Sea of Solitude’s Gameplay Runs Out Before Its Story Does
Platforms: PlayStation 4, Xbox One, Microsoft Windows
Sea of Solitude is a new EA-backed “indie” title from Berlin-based Jo-Mei games that tells the very touching story of a girl stuck deep in a world of depression, as she not only navigates her way out of her own darkness but realises how much her loved ones were hurting as well. If anything, I’d have to say that what SoS is trying to achieve feels closest to games like Brothers or Playdead’s INSIDE, but it’s unfortunately not nearly as engaging.
While the setting is incredibly stylised and very beautiful to look at at times, the story itself feels incredibly realistic due to characters (mostly family members portrayed as giant shadow monsters) not being two-dimensional, and allowing you to believe, as in the real world, that sometimes the aggressor can also be the victim, and vice-versa.
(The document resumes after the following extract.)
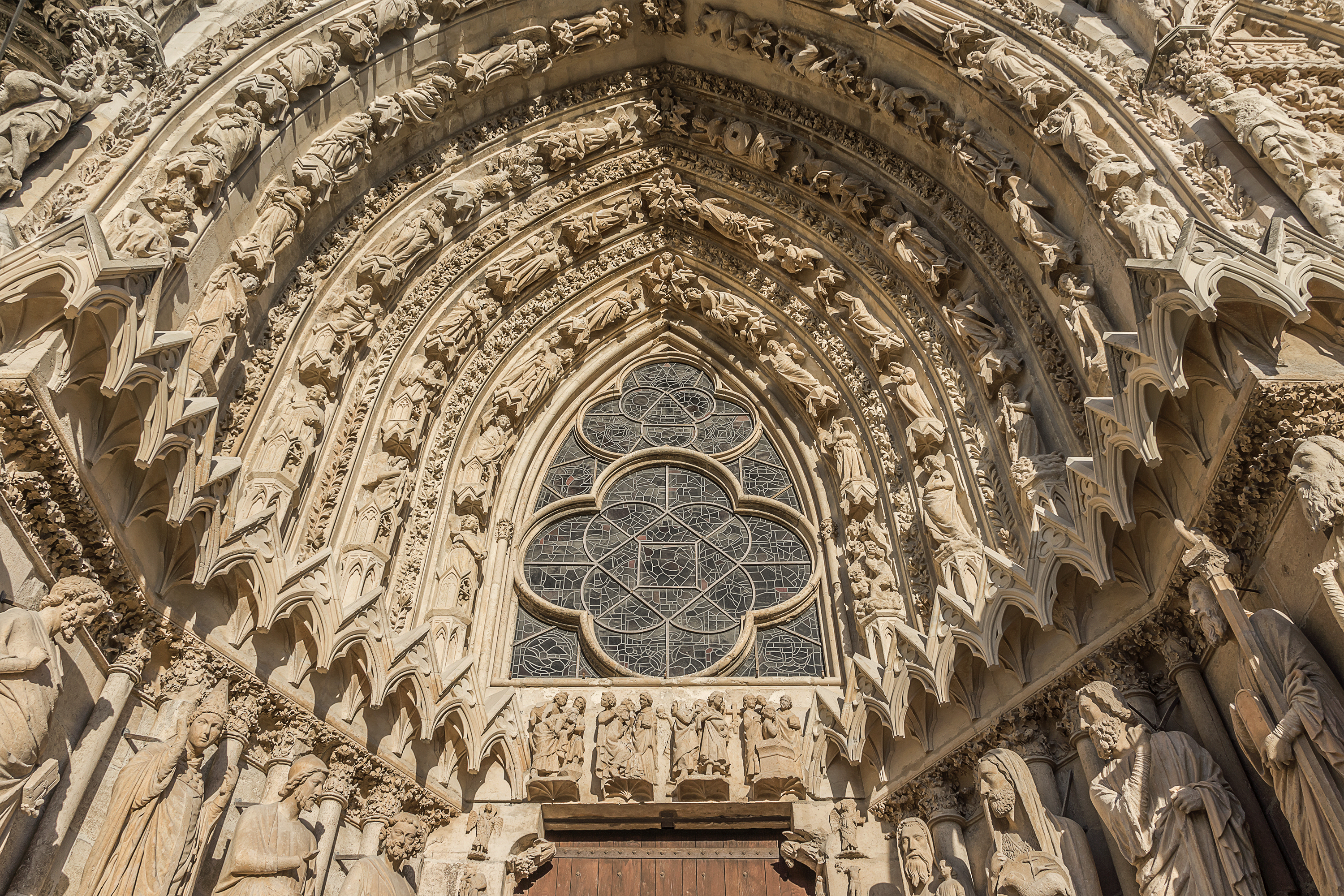 Detalj fra Notre-Dame de Reims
There were some moments in the game that hit close to home, and it artfully touches on many human experiences that we all share – but if you’re only into gaming for headshots and teabagging, you’ll probably lose interest pretty quick. The voiceover (done by one of the development team, complete with thick accent) comes across as strangely authentic – which I kinda liked in some ways – due to the personal nature of the story, but it’s also incredibly wooden most of the time and sounds like someone who tried to do something themselves instead of getting a pro and ultimately hurts the overall production quality and impact of the story.
Gameplay is where Sea of Solitude mostly falls pretty flat. Traversing the contrasting dark and light versions of a semi-sunken city on foot or by boat starts off okay but a little clunky, and there’s a bit of good tension in areas where you need to cross water before a big monster gets you… but other than that, there’s just not that much gameplay in the game at all. You often have to repeat actions you’ve done countless times before, such as finding corrupted orbs and sucking the corruption into a backpack. There’s a lack of proper or engaging puzzles of any kind and none of the platforming or exploring is particularly satisfying either.
Sea of Solitude could have definitely taken a few more pages from some of the great indie titles of that past few years. The tale it tells of letting go and changing for the better is tough to consume over the handful of hours it takes to finish the game only because it has more to say without giving you more to actually do. A shorter playtime or a couple of extra gameplay mechanics may have done the trick. An interesting and very personal story, though.